Nessa lista estão empresas como as gigantes dos grãos ADM (Archer-Daniels-Midland), Bunge e Cargill, além da Kraft Heinz, Syngenta, Lactalis USA e a brasileira JBS. De acordo com a Aliança, o grupo já investiu US$ 2 bilhões em projetos de agricultura regenerativa. Outros US$ 2,2 bilhões estão previstos em investimentos até 2030.
Como parte da agenda sobre agricultura Regenerativa, essas empresas em conjunto com governos de países como Brasil, Noruega, Ruanda e Camboja se comprometeram em promover práticas de agricultura regenerativa em mais 160 milhões de hectares, por meio de projetos de recuperação de solo, conservação de nascentes e da biodiversidade, além de controle e monitoramento de emissão de gases do efeito estufa com o objetivo de fortalecer cadeias produtivas e ecossistemas.
Além disso, 43 países aderiram ao Desafio da Água Doce, no qual se comprometeram a restaurar 30% dos ecossistemas de água degradados – o que equivale a cerca de 300 mil quilômetros de rios e 350 milhões de hectares de zonas úmidas do planeta até 2030. O objetivo é inovar no uso dos recursos hídricos, criando formas de utilização mais eficazes e menos nocivas para o meio ambiente.
A redução do desperdício de alimentos também entrou na conta: a ONU recomendou reduzir o desperdício alimentar per capita em 50% até 2030 e que até 2050, todas as perdas e desperdícios alimentares sejam integrados numa “bioeconomia circular e utilizados para alimentação animal, melhoria do solo ou produção de bioenergia”.
“Finalmente está sendo dada a devida atenção ao papel da agricultura e dos sistemas alimentares”, disse Andrew Deutz, Diretor Geral de Política Global e Financiamento para a Conservação na TNC.
Apoio financeiro
Na última semana, os Estados Unidos e os Emirados Árabes Unidos anunciaram um esforço conjunto para ampliar para US$ 17 bilhões o financiamento para promover a agricultura favorável ao clima em todo o mundo. Os recursos são da Missão de Inovação Agrícola para o Clima (AIM for Climate), lançada em 2021 na COP26 em Glasgow, com recursos de governos, empresas e organizações não governamentais.

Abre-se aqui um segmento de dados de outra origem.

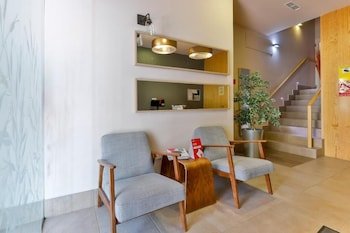 Hostal La Chata By OYO Rooms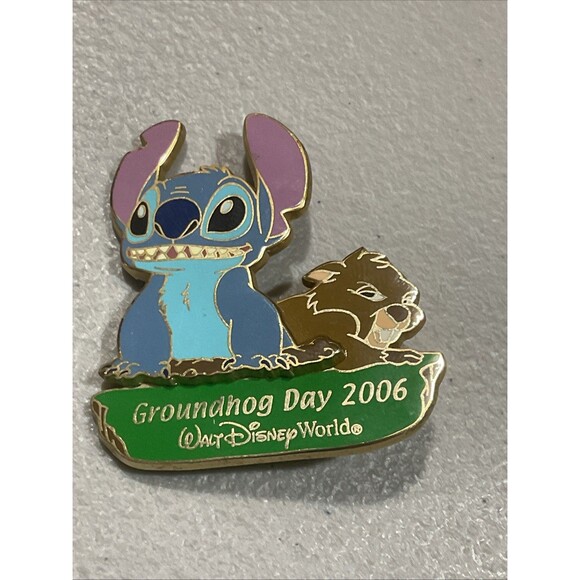 Vintage 2006 Disney Pin Limited To 2,000 Pieces - Picture 1 of 3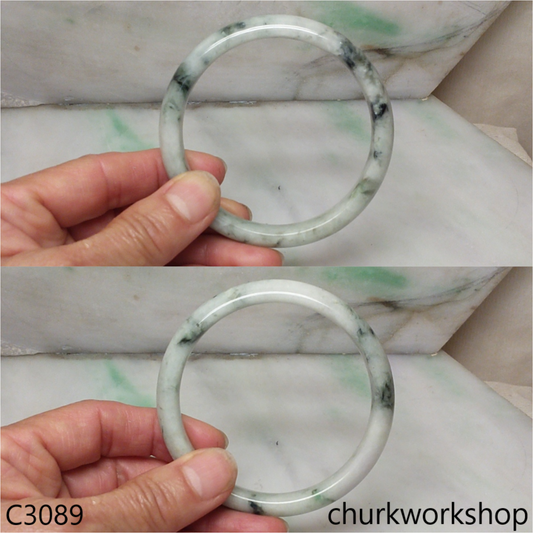 Large light green jade bangle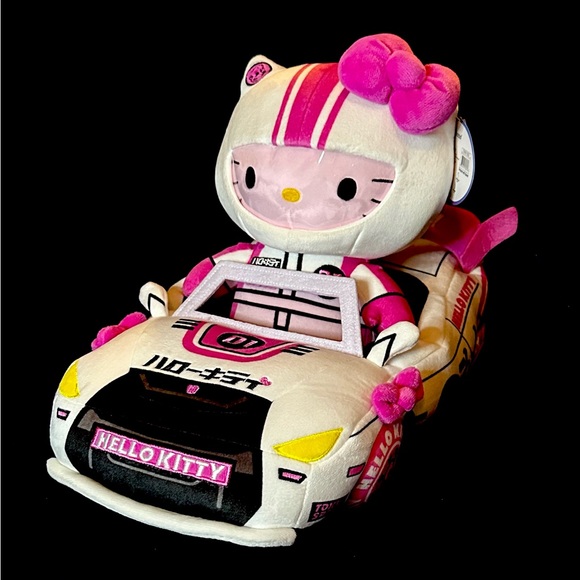 Hello Kitty Pink Racer - Picture 3 of 11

Outro grupo, composto por cerca de 20 empresas líderes do setor de alimentação em conjunto com o governo dos Emirados Árabes Unidos criou a First Movers Coalition for Food, iniciativa que utiliza o poder de compra de grandes marcas como Nestlé, Pepsico e Danone – estimado entre US$ 10 bilhões e US$ 20 bilhões até 2030 – para pressionar a adoção de práticas mais sustentáveis pelos produtores globais de alimentos.

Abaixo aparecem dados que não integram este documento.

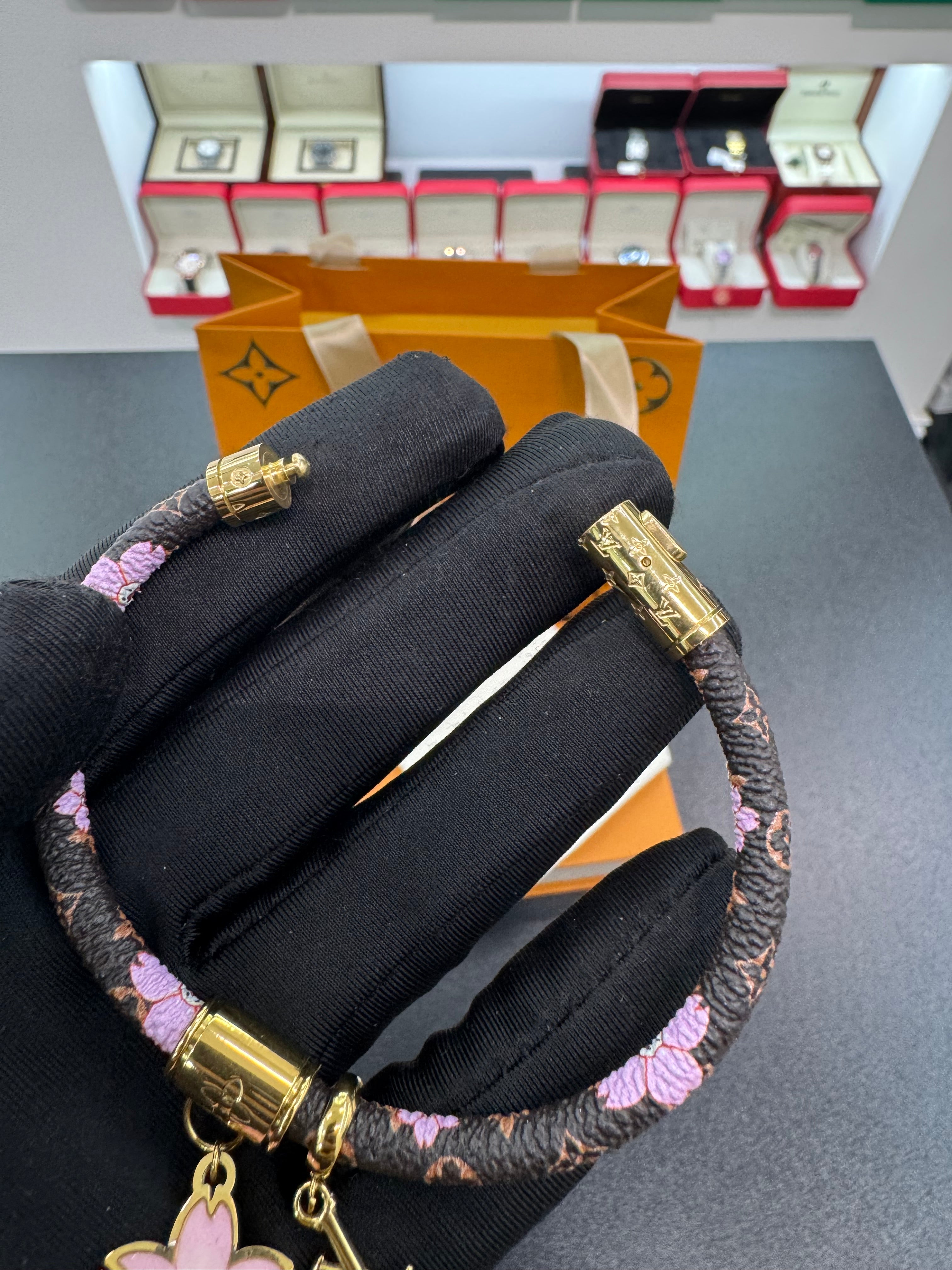 Sakura LV bracelet ￼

Além dos compromissos empresariais, a coalisão First Movers anunciou que seus 95 membros assumiram coletivamente compromissos para desenvolver tecnologias de descarbonização até 2030 – e para o qual irão investir US$ 15 bilhões com a meta de reduzir até 29 milhões de toneladas de CO2 em emissões por ano. O compromisso é válido para emissões de escopo 1, 2 e 3, pois contempla monitorar e apoiar na redução de emissões de toda a cadeia, e não apenas próprias.
“Sem financiamento, você não pode pedir dos países em desenvolvimento que eles façam uma transição, porque eles têm todas as agendas acumuladas, agravadas pela mudança do clima”, comentou o embaixador André Corrêa do Lago, secretário para Clima, Energia e Meio Ambiente do Ministério das Relações Exteriores e negociador-chefe da delegação do Brasil na COP 28, no início da conferência.

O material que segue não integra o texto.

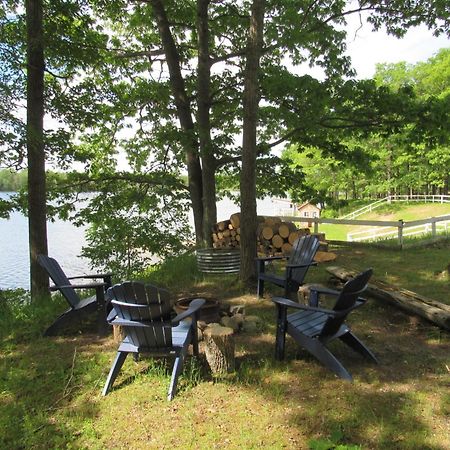 Lake House Lodge Lupton Екстериор снимка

O último levantamento do governo brasileiro calculou em cerca de US$ 57 bilhões o total de recursos anunciados durante a COP28. Entre os destaques estão o Fundo Verde para o Clima, de US$ 3,5 bilhões e um financiamento climático oferecido pelos Emirados Árabes unidos em parceria com o Banco Mundial, no valor de US$ 30 bilhões.
“Somos o que fazemos, não o que dizemos”. A frase é do presidente da COP28, Sultan al-Jaber, e indica o tom das conclusões finais do encontro, que teve alguns marcos históricos, vai depender, em grande medida, da vontade política de governos e empresas e, em alguma medida, da conscientização das pessoas sobre o preço que já estamos pagando pela mudança no clima do planeta.